There is a common misconception that the principle known as Occam's Razor can be summed up as "all things being equal, the simplest answer is the right one." While that notion works wonders on a television show where important mysteries need to get resolved in 48 minutes or less, it's not really the point of this very important concept.
Occam's Razor in a modernized nutshell means "don't make things more complicated than they have to be." It's a powerful idea, and one that proves itself over and over again in the real world.
One example that comes to mind is Data Domain's Collection Replication. Collection replication is one of several forms of replication available when using Data Domain systems. The beauty of collection replication is the power of simplicity. Collection replication is an option when a customer wants to perform simple system-to-system mirroring, leveraging the efficiency of data deduplication to replicate vast quantities of data offsite for disaster recovery protection.
Data Domain takes advantage of that inherent simplicity by streamlining the replication process to the greatest extent possible. Because collection replication is aware that all new, unique (i.e. non-duplicate) data segments written to the local filesystem must be transferred, it is able to send that new data across the wire immediately. However, any data that is not new and unique does not need to be sent. In the instance of moves or deletes, collection replication sends across a minimal subset of deduplication-aware 'housekeeping instructions' to the remote side. Once data in the form of a file or virtual tape arrives at the remote system, it is immediately visible and immediately available. This is true even while replication is still in progress and there are still additional files or tapes inbound.

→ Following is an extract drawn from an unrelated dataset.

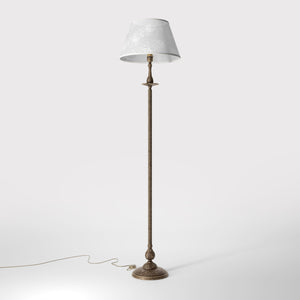 Classic brass floor lamp with decorated white fabric shade fluted stem ornamental base floral details traditional style - Finish: OAS Antique Brass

If a typical deduplication effect preemptively eliminates 98% of the data to be transferred, then collection replication ensures that the remaining 2% is moved as quickly as possible. And when compared to other Data Domain replication techniques, you can think of it this way; if multi-site replication functions like a network of highways, then collection replication is like a drag speedway. If all you want to do is move deduplicated data from point A to point B, there isn't a faster way to do it. Period.
There are other powerful use-cases as well. Collection replication is a fantastic option for nearline or archival storage when you want to replicate millions of small files without incurring overhead for the metadata associated with each individual file. There isn't another deduplication-aware replication technology available that has this capability.
Of course, sometimes a simple environment grows more complicated over the course of time. In that circumstance, Data Domain replication that started out as collection based can be converted to any of our other replication topologies quickly and easily, and in most cases without having to resend data that's already been stored at the replication destination.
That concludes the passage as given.